Munna found a temporary solution. She continued her education in night school, which allowed her to defer debt payments. Thus, her loan balance kept compounding upward each month, debt rolling on top of debt. At her hourly earnings at that time, there was no way she would ever race against compounding interest to pay down the debt. At twenty-six, at the outset of her adult life, Munna found herself in a massive financial hole, one that could mar her financial prospects for much of her life—and there was no obvious way for her to get out.

I learned about Munna’s story from clicking on a link on the New York Times site, which read “Another Debt Crisis Is Brewing, This One in Student Loans.” The link led to an article by Ron Lieber entitled “Placing the Blame as Students Are Buried in Debt.” The basic premise of the article is the reasonable judgment that, when many people are getting into $100,000 of unsecured debt at the outset of their adult lives, with no easy way to get out relative to their salaries, something has gone terribly wrong.
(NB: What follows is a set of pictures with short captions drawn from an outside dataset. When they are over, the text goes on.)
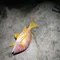 ゆーま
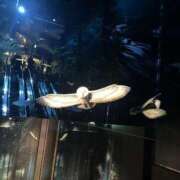 ヒメ日記 2025/10/10 16:03 投稿 ♡チフネ MEGA PALACE(メガパレス）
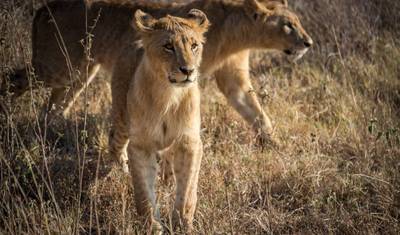 Safari Lagos e Montanhas 10D/9N (Masai Mara, Lago Nakuru e Baringo, Samburu, Amboseli) — 2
The article sleuths through the story of Munna and essentially asks, “Who’s to blame for this mess?” Her parents? The loan providers? The schools? The students who take out the loans?

In a follow-up to the story, Munna states: “I openly acknowledge my responsibility for my current situation, as well as the naïveté in my estimation of the return on investment of a ‘high quality’ education and a liberal arts degree.”1 This is an honorable acceptance of accountability, and it is fair enough; no one held a gun to Munna’s head, forcing her to take those loans out.

Yet simply painting the story as a picture of an adult making poor choices, and who must live with those choices for the rest of her life, seems to me to miss something important. After all, when Munna was originally taking out the loans as she entered college, she was seventeen, at the very cusp of adulthood, not yet old enough to vote, join the military, or legally buy a pack of cigarettes or a beer, or to be tried as an adult in court. Culturally and legally, we acknowledge that people under eighteen should enjoy some amount of protection from the long-term consequences of their decisions.

The civilized world got rid of debtors’ prisons a long time ago. The idea is that people make mistakes, and they should be given a second chance in life. Yet we as a society have a strange blind spot around this concept; we (meaning adult society at large, including parents, teachers, politicians, and media pundits) more or less corral our adolescents into taking on massive amounts of unsecured debt to pursue a college education. In the article, Cortney’s mother, Cathryn Munna, says, “All I could see was college, and a good college and how proud I was of her.... All we needed to do was get this education and get the good job. This is the thing that eats away at me, the naïveté on my part.” Cathryn Munna is a grown woman and rightly takes responsibility for her own decisions.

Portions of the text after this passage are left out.